# EXERCISE DIRECTIONS
Quote exactly and only this range of lines in the data below: the line that holds "Lili online show from February 20, 3:23 am" to the line that holds "Vegetarian pasta recipe", both included.

BEGIN

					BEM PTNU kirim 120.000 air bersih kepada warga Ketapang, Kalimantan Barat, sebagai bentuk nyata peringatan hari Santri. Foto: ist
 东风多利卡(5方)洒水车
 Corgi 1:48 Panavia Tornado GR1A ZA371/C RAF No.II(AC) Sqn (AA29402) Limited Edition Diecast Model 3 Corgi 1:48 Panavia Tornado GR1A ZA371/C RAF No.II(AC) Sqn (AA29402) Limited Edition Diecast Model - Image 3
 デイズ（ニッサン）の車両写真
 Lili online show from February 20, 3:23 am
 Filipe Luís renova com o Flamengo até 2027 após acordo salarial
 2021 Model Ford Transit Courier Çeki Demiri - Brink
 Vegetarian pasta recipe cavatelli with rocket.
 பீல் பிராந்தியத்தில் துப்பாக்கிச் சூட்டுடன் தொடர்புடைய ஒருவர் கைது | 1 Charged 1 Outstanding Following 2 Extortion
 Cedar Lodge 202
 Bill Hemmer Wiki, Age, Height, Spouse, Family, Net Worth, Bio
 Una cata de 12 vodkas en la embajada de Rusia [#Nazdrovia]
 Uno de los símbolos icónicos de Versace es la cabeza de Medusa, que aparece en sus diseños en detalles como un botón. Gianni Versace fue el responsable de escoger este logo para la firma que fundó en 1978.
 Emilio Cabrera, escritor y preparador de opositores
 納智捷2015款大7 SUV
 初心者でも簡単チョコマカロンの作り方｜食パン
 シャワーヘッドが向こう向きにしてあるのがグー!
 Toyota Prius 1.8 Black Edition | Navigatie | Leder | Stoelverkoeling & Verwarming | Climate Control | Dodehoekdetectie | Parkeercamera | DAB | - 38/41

END

# RESPONSE
 Lili online show from February 20, 3:23 am
 Filipe Luís renova com o Flamengo até 2027 após acordo salarial
 2021 Model Ford Transit Courier Çeki Demiri - Brink
 Vegetarian pasta recipe cavatelli with rocket.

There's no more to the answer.